■ **Problem**:
In your copy, drop the images and return each record exactly as it stands.

[[ Provided records open ]]

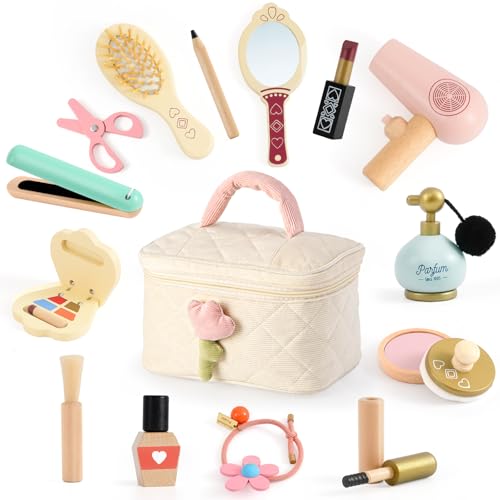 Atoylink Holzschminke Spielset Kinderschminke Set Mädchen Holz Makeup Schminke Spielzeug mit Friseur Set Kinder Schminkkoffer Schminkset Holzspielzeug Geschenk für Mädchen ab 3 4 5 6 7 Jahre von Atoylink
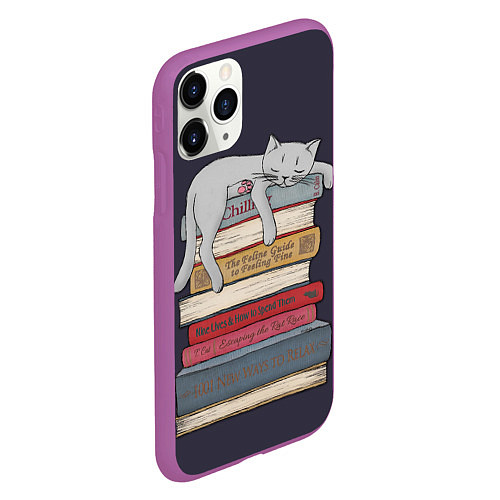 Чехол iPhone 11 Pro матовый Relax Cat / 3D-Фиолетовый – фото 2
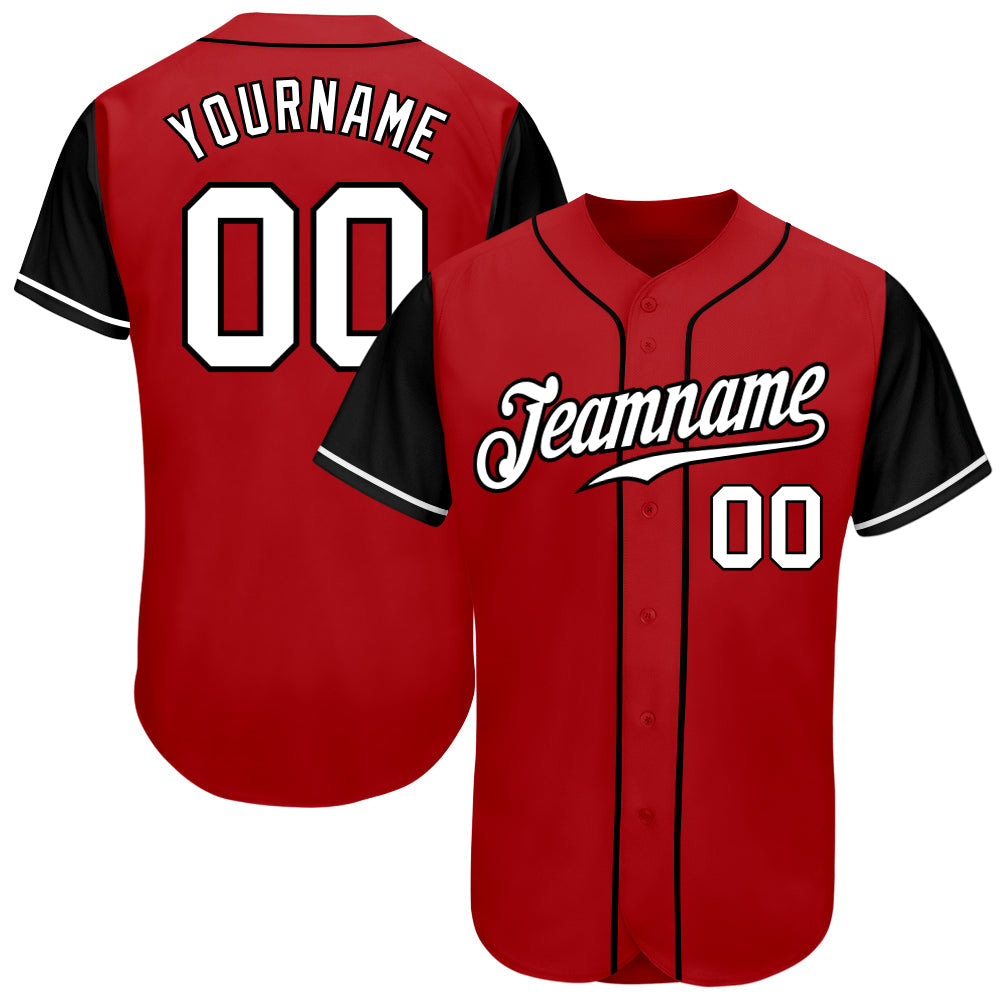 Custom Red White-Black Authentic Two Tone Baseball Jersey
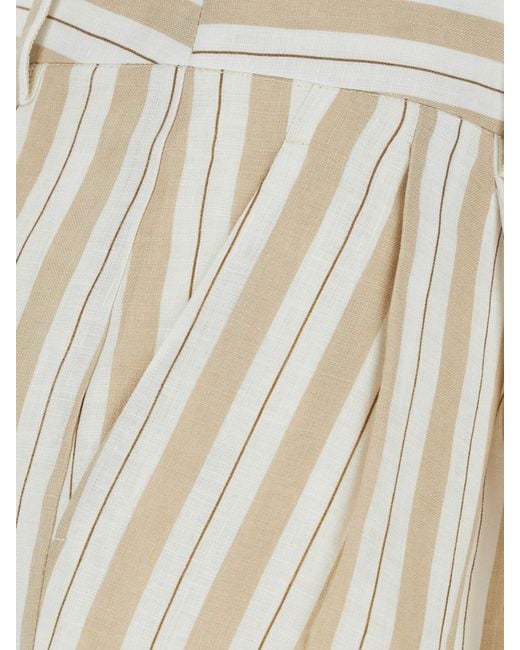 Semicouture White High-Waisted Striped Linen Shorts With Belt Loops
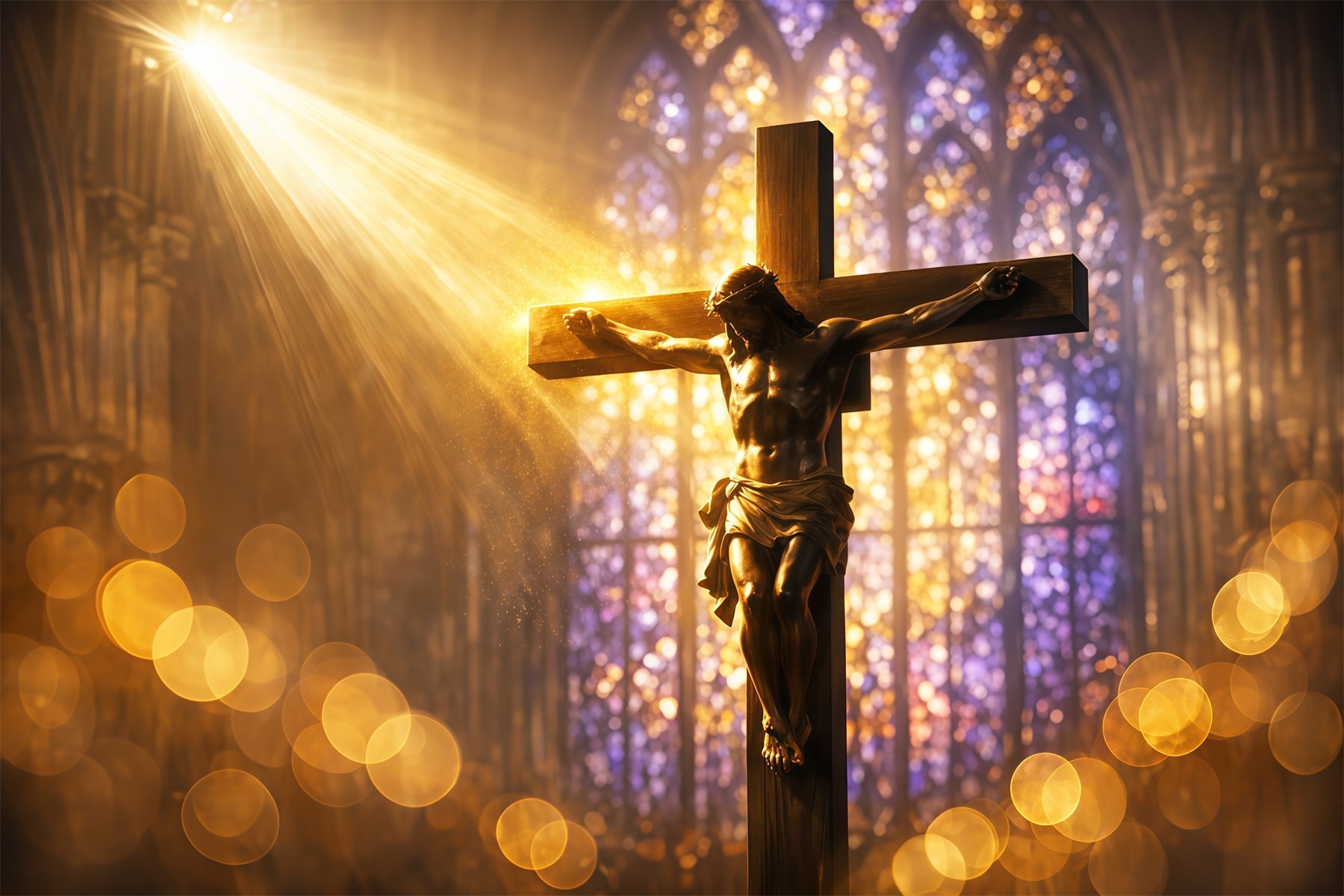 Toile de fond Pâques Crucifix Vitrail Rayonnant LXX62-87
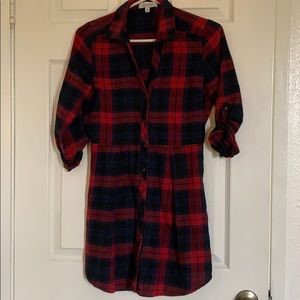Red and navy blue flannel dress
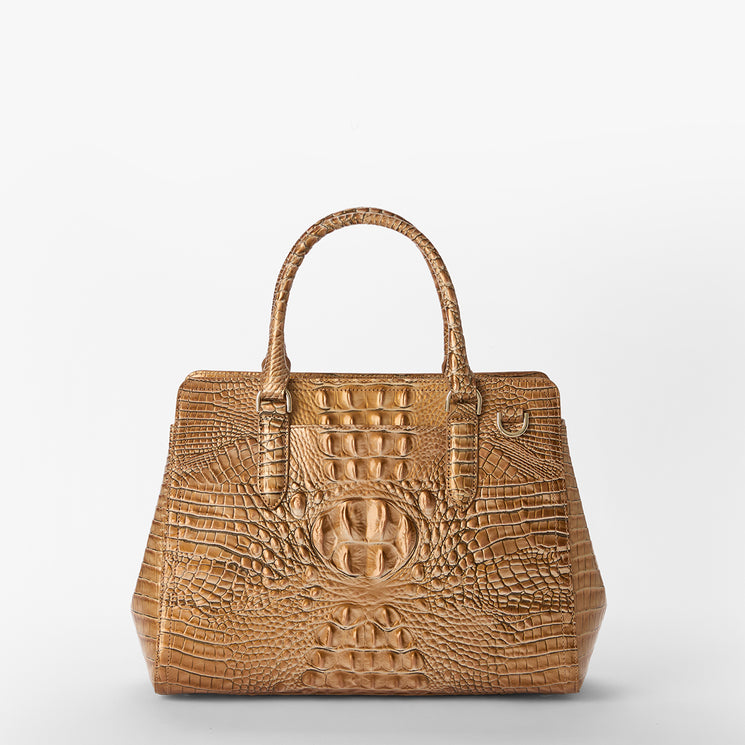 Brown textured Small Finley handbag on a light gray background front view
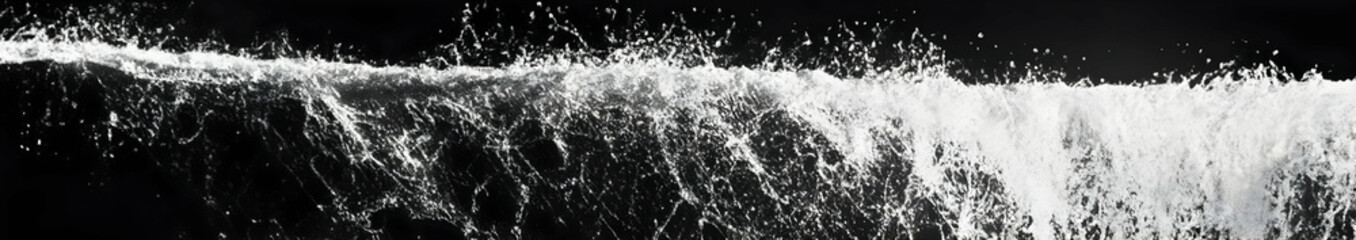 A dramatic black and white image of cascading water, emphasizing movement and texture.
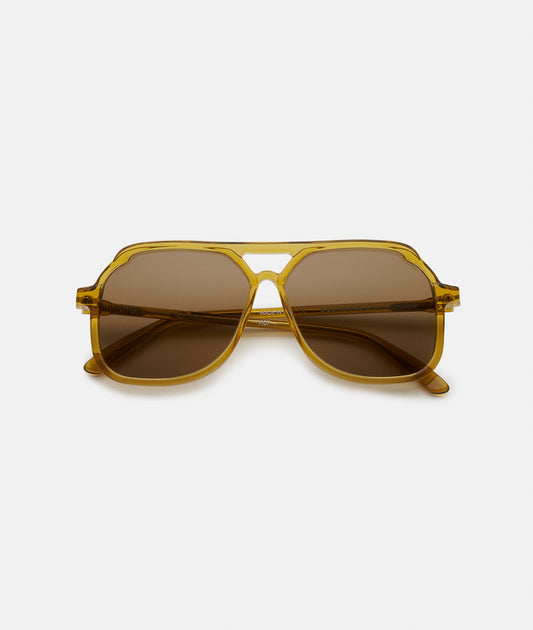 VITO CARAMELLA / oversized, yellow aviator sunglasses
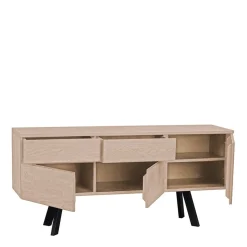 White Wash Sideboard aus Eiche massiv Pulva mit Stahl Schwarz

[[ Provided records closed ]]

■ **Result for this exercise**:
 Atoylink Holzschminke Spielset Kinderschminke Set Mädchen Holz Makeup Schminke Spielzeug mit Friseur Set Kinder Schminkkoffer Schminkset Holzspielzeug Geschenk für Mädchen ab 3 4 5 6 7 Jahre von Atoylink
 Чехол iPhone 11 Pro матовый Relax Cat / 3D-Фиолетовый – фото 2
 Custom Red White-Black Authentic Two Tone Baseball Jersey
 Semicouture White High-Waisted Striped Linen Shorts With Belt Loops
 Toile de fond Pâques Crucifix Vitrail Rayonnant LXX62-87
Red and navy blue flannel dress
 Brown textured Small Finley handbag on a light gray background front view
 A dramatic black and white image of cascading water, emphasizing movement and texture.
 VITO CARAMELLA / oversized, yellow aviator sunglasses
 White Wash Sideboard aus Eiche massiv Pulva mit Stahl Schwarz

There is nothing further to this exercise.